What is needed. Using the records below, give again exactly the lines from the line that contains "COB24682 - Station" through the line that contains "Ткани ритуальная ткань", both ends included, and only those.

Data to process.
******************************

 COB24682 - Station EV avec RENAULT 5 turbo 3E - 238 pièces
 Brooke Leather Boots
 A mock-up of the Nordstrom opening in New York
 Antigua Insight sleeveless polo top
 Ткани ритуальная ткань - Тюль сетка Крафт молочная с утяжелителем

******************************

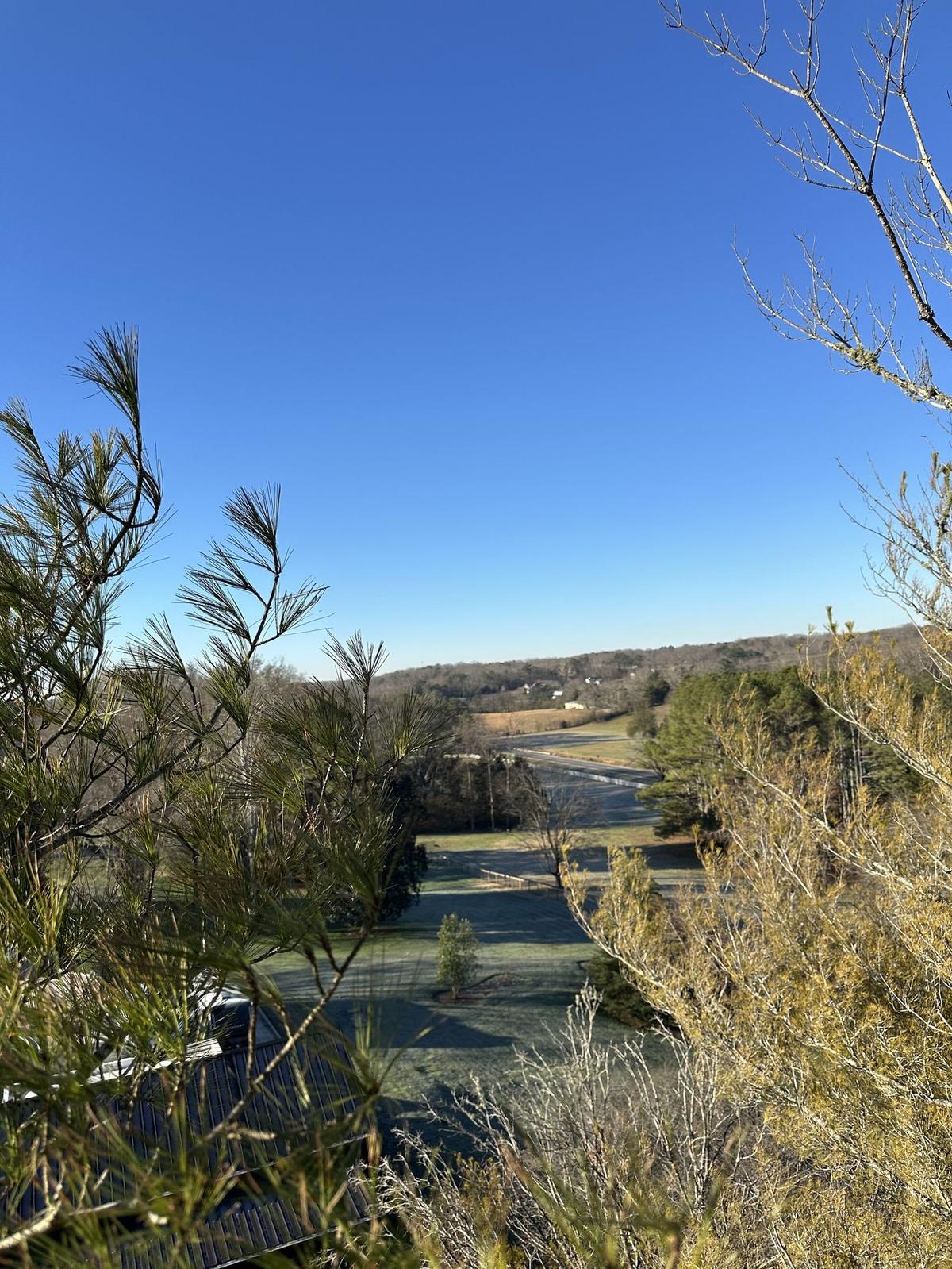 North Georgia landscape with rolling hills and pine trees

******************************

Result.
 COB24682 - Station EV avec RENAULT 5 turbo 3E - 238 pièces
 Brooke Leather Boots
 A mock-up of the Nordstrom opening in New York
 Antigua Insight sleeveless polo top
 Ткани ритуальная ткань - Тюль сетка Крафт молочная с утяжелителем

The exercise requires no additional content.